2nd Lt. Sarah Casey, native of Collierville, Tenn., commissioned into the field artillery branch last year after she had an eye-opening conversation with a mentor who spoke to her about how field artillery shapes the battlefield.
Casey fell in love with the idea of serving in the field artillery branch. She now serves as a platoon leader in 6th Battalion, 37th Field Artillery Regiment, 210th Field Artillery Brigade.
In the Army, the "King of Battle" has traditionally been an MOS only open to male Soldiers.
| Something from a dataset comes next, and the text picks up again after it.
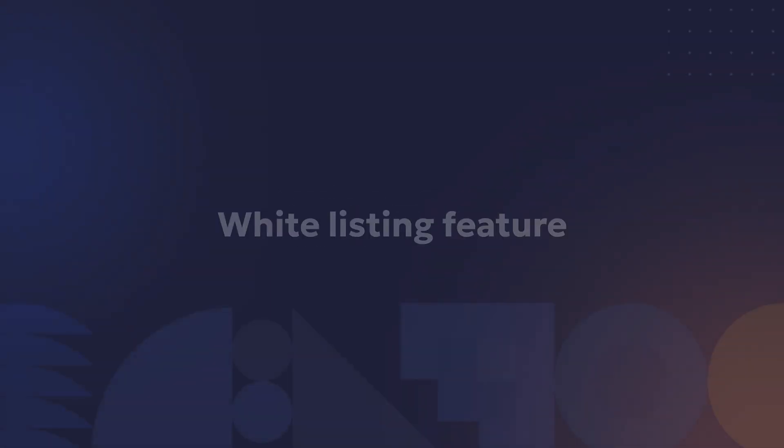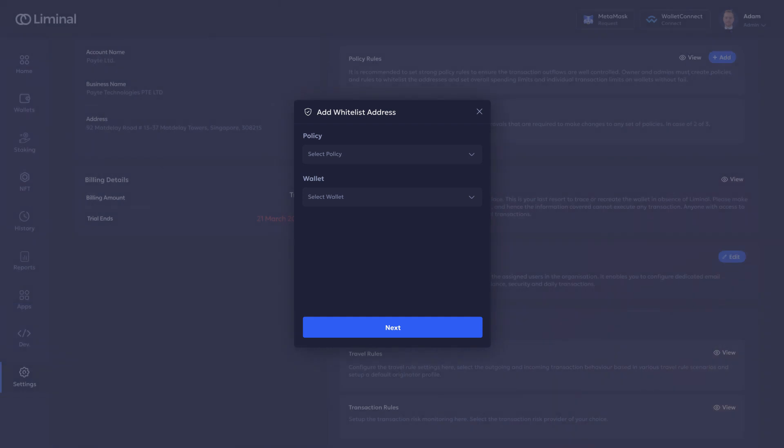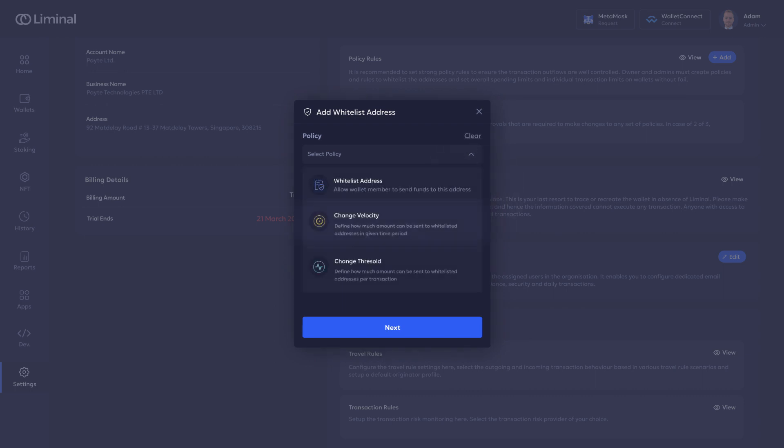Now let us look at the safety with Liminal's whitelisting feature. As you can see on screen, you can set pre-approved addresses, ensuring your crypto goes to trusted destinations. It's like having a VIP list for your crypto transactions. Safety first always — this involves features like changing velocity and changing thresholds.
This moniker is now one that Casey and many other women will have the opportunity to hold by joining the field artillery branch.
"Every job in the military matters, from changing tires, writing articles, to sending rounds 70 kilometers away," said Casey. "I just want to represent my country as a field artillery officer," she said.
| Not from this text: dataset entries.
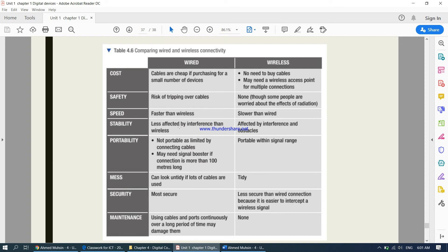For portability — meaning you can move around and use the connection — wireless is the better option: it is extremely portable within the signal range, whereas with wired you have to stay where your cable is. For tidiness, wireless is better since there are no cables and it is extremely tidy, while wired involves many cables and looks untidy. In terms of security, wired is more secure — wireless is easier to intercept and therefore less secure.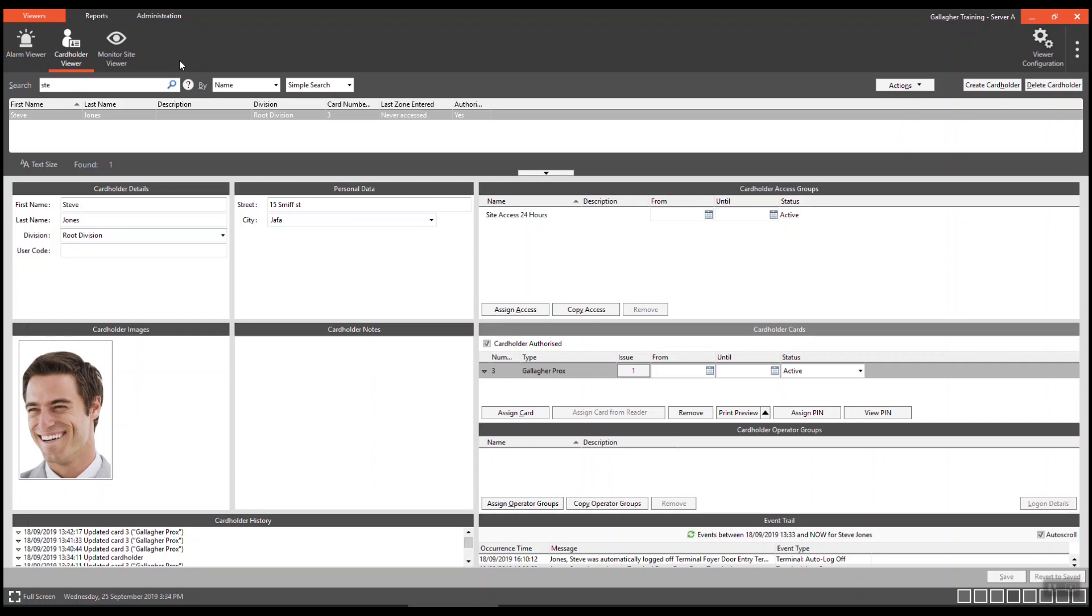Quick tip: ALT key plus number transfers focus to the tile indicated by that number. ALT 6, cardholder cards.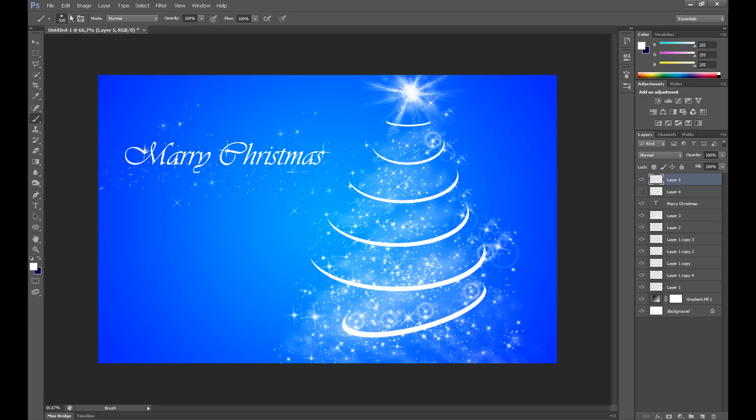Thank you for watching, I hope you enjoyed this tutorial. In this tutorial as you see I have given you only the basics and you can create your own cards using these star brushes. Subscribe to my channel for more Photoshop tutorials and see you in the next Photoshop tutorial. Thank you.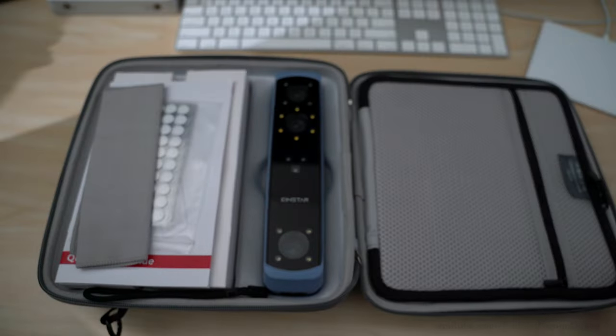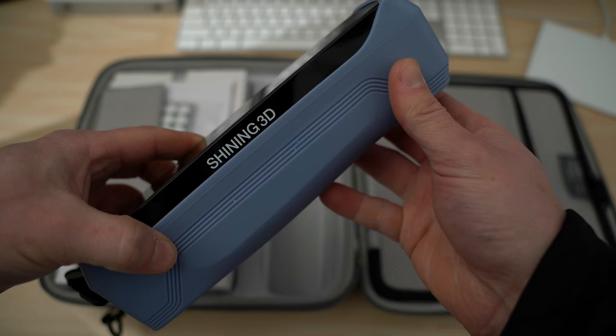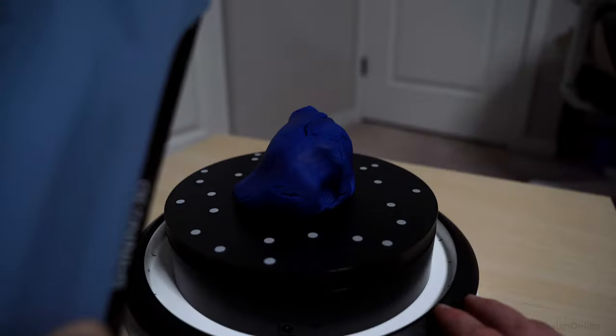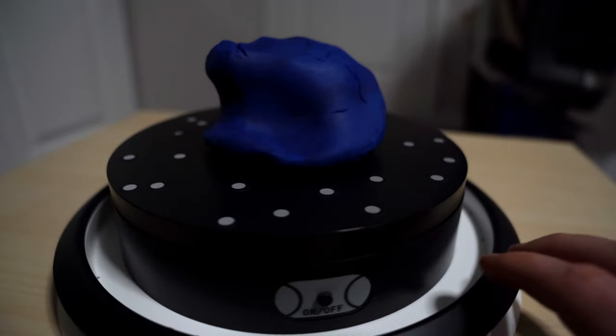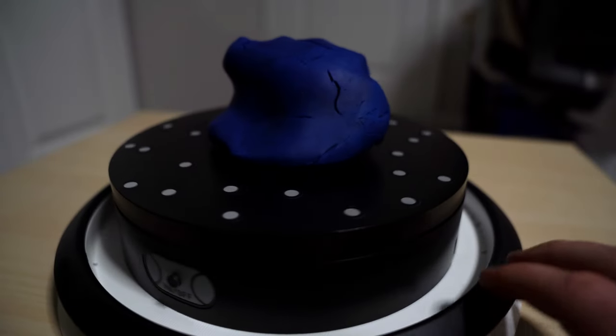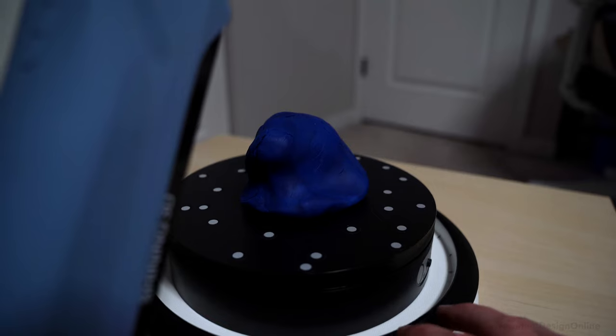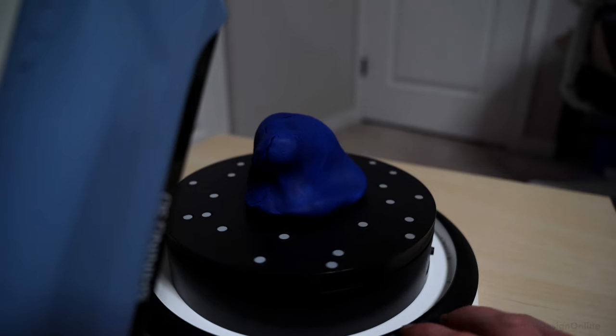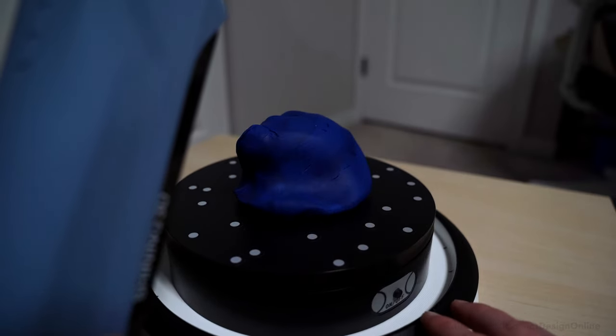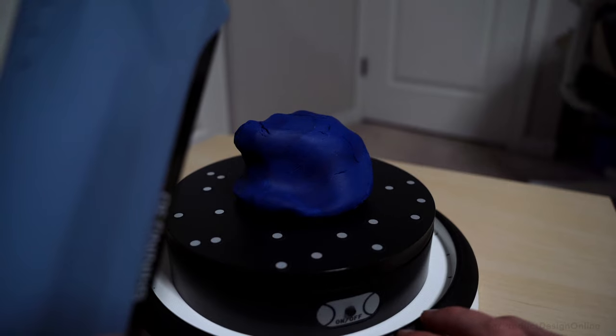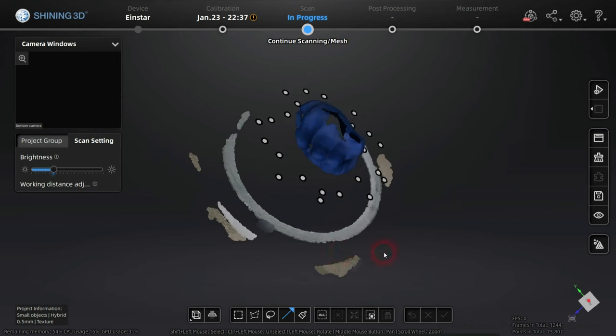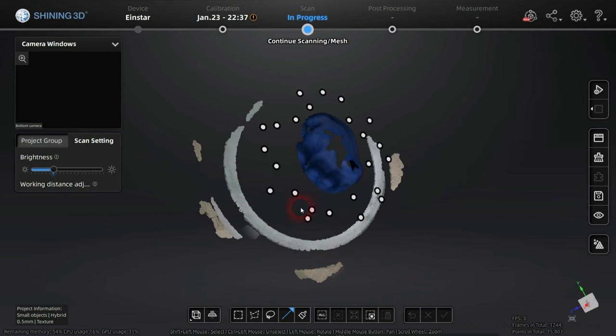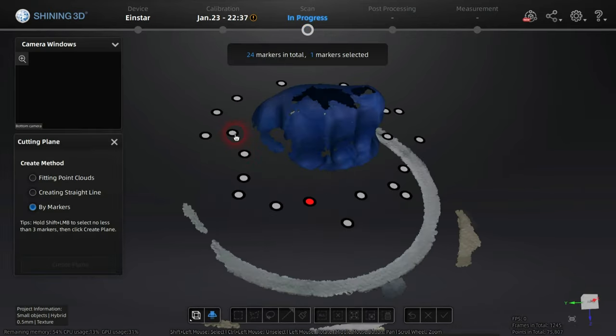I captured the modeling clay with a handheld Einstar 3D scanner. When capturing small objects, you'll often find it easier to hold the scanner in place while slowly revolving the object around. This allows you to move back and forth as needed, capturing any small details that may have been missed. Even then, you'll see that all of the object was not captured. Depending on the model, the occasional gaps are often not a concern.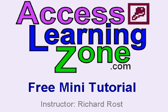Welcome to a free mini-tutorial brought to you by AccessLearningZone.com. I am your instructor, Richard Rost.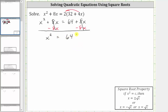Because there's no longer an x term, we can actually solve this quadratic equation using the square root property shown here below. Where if x squared is equal to c, then x is equal to plus or minus c. So we take the square root of both sides of the equation, but to make sure we get both solutions, we do include a plus or minus on the right side of the equation.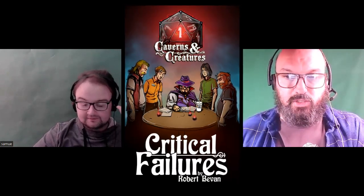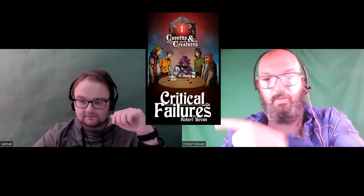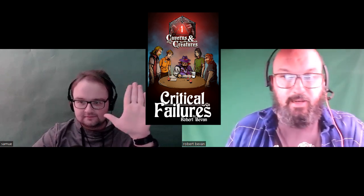Hello friends, Robert Bevan here, author of the Caverns and Creatures series of comedy fantasy novels and short stories. With me is Sam West, and today we're talking about the spell Locate Object. Found it. It's an object. I did it. Do I win?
Field artillery was one of the first combat arms MOSs to open to females. After gender integration began in the U.S. Army, combat MOS proponents did not lower the physical demands required of... Soldiers.
One of the most difficult tasks for Soldiers attending the U.S. Army Field Artillery School is loading and unloading 15 rounds of 155mm ammunition shells, weighing an average of 100 pounds apiece, within 15 minutes.
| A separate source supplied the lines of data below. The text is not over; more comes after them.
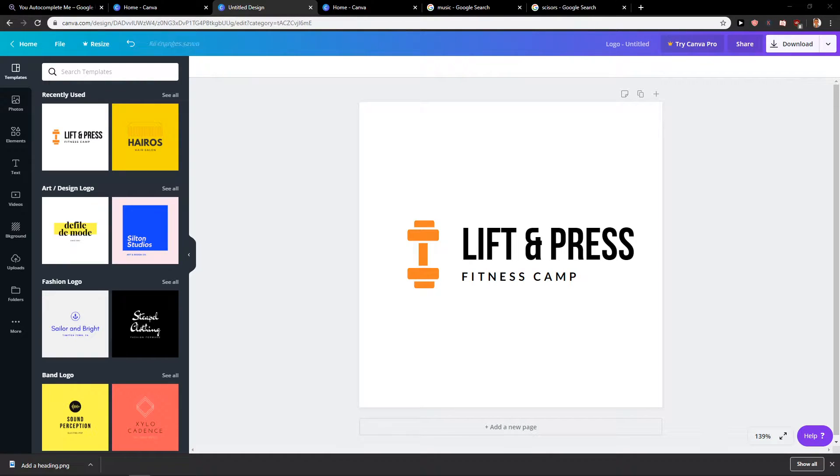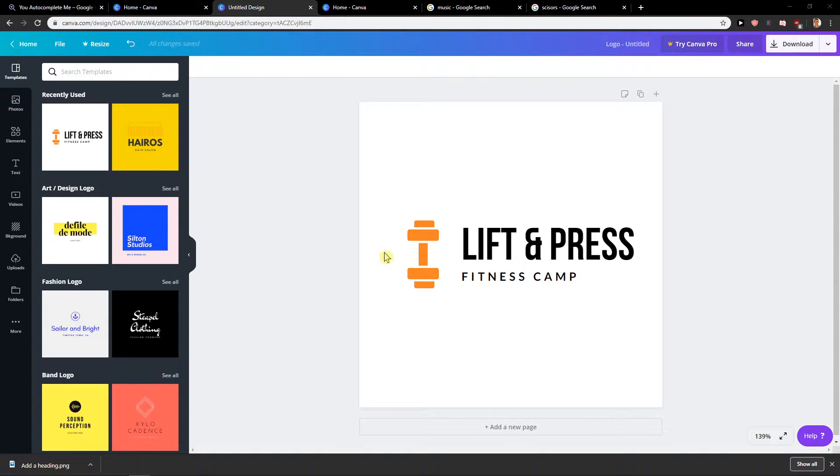Hey everybody, my name is Markus Stone and in this video you will learn how you can easily group and ungroup your design in Canva.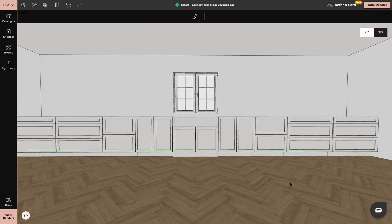We can add worktops, sinks, taps, appliances and wall cabinets.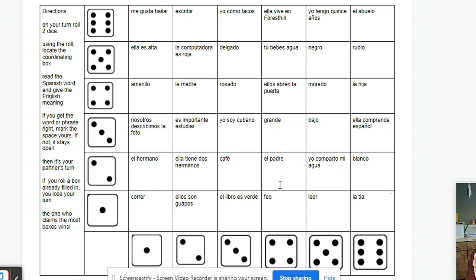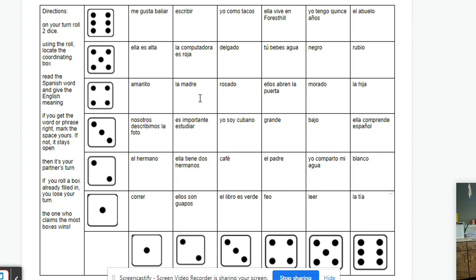As you get further along in this game — because I played with a student this morning — you're going to find that it becomes very difficult to get the remaining boxes. Because you get down to five or six, and you have to get very specific dice rolled in order to get those. So what I did was I said just start rolling one die. Let's say I got a four — then I could do any of the fours here, and that makes the game easier to finish when you get close to the end.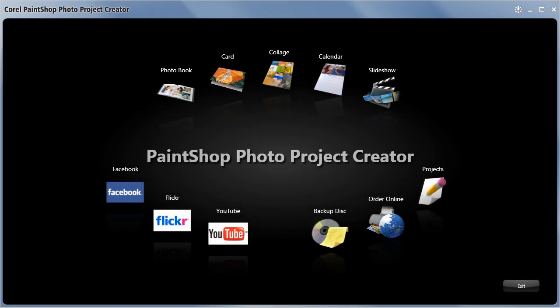PaintShop Photo Pro X3 allows you to easily share your photos with friends and family. Using the Project Creator you can quickly upload your images and videos directly to Flickr, Facebook and YouTube.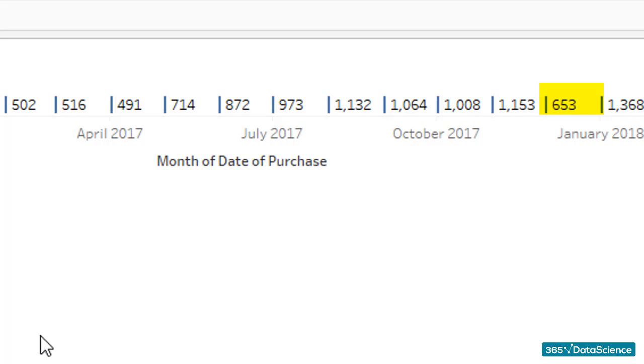Otherwise, we would have been left with a wrong graph, and that would be unacceptable in a professional environment, as wrong visualizations lead to wrong business insights.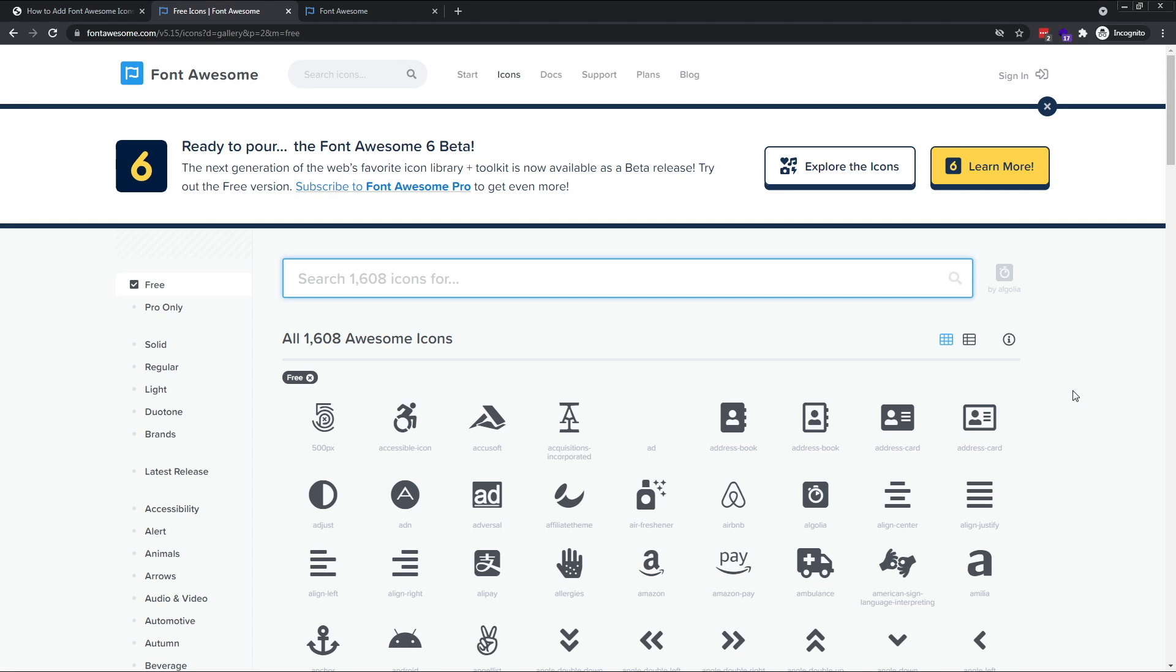Hi everyone, Tom here from Frontend Beginners. In this video, we'll look at how to add the free Font Awesome icon kit to your HTML and CSS projects.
So, this meant that Casey, weighing roughly 125 pounds, had to move a total of 3,000 pounds in 15 minutes or less. She completed the task in nine minutes.
"It has never been about me not being strong enough or smart enough for the MOS, it's always been Lieutenant Casey getting the job done," said Casey. "I'm thankful for the women that came before me and that discrimination has not affected my career path," she said.
Casey focuses on what skills she brings to the unit as a field artillery platoon leader. She leads Soldiers who operate the M270A1 Multiple Launch Rocket System (MLRS).
"I've never been in a place where anyone questioned my ability to perform my job," said Casey. "It doesn't matter if you're male or female, a field artillery officer is an expert in tactics, techniques for the employment of fire support systems, and neutralizes enemy forces by cannon, rocket, and missile fire," she continued.
1st Sgt. Josh Abernathy, Bravo Battery 6-37th FA, 210th FA BDE, has worked with female Soldiers throughout his career, so it's nothing new to him.
"I'm glad there is such a strong role model for female Soldiers," said Abernathy. "Lieutenant Casey always has a positive attitude on a day to day basis and projects herself as a positive role model for everyone," he said.
Casey enjoys her career in field artillery, voicing her gratitude to serve every day. Because of her career choice, she was able to serve in the 210th Field Artillery Brigade based at Camp Casey, located 13 miles from the Korean Demilitarized Zone (DMZ)., a personally significant location.
Camp Casey was named after Maj. Hugh B. Casey, a World War II veteran that was killed during the Korean War, January 1952. He died when his plane crashed on the hilltop overlooking the small camp after it had been hit by enemy fire.
A large white cross was placed on the hilltop marking the exact location of the crash site. Within days Camp Casey was named in his honor.
Fast forward 66 years and 2nd Lt. Sarah Casey has come to serve on the same post that happened to be named after her great uncle.
"I grew up knowing my family history and the sacrifices they have made," said Casey. She says the outstanding service in her family is the motivation behind her choices and she was destined to come to Camp Casey.
She recently discovered old letters that her great uncle Maj. Casey sent home, talking about battles from the wars he's been in, keeping old photos as a reminder of her history.
"It is very significant and special for me having the opportunity to serve with the 2nd Infantry Division at Camp Casey, South Korea," said Casey. "Being able to be closer to someone known as a hero," she said.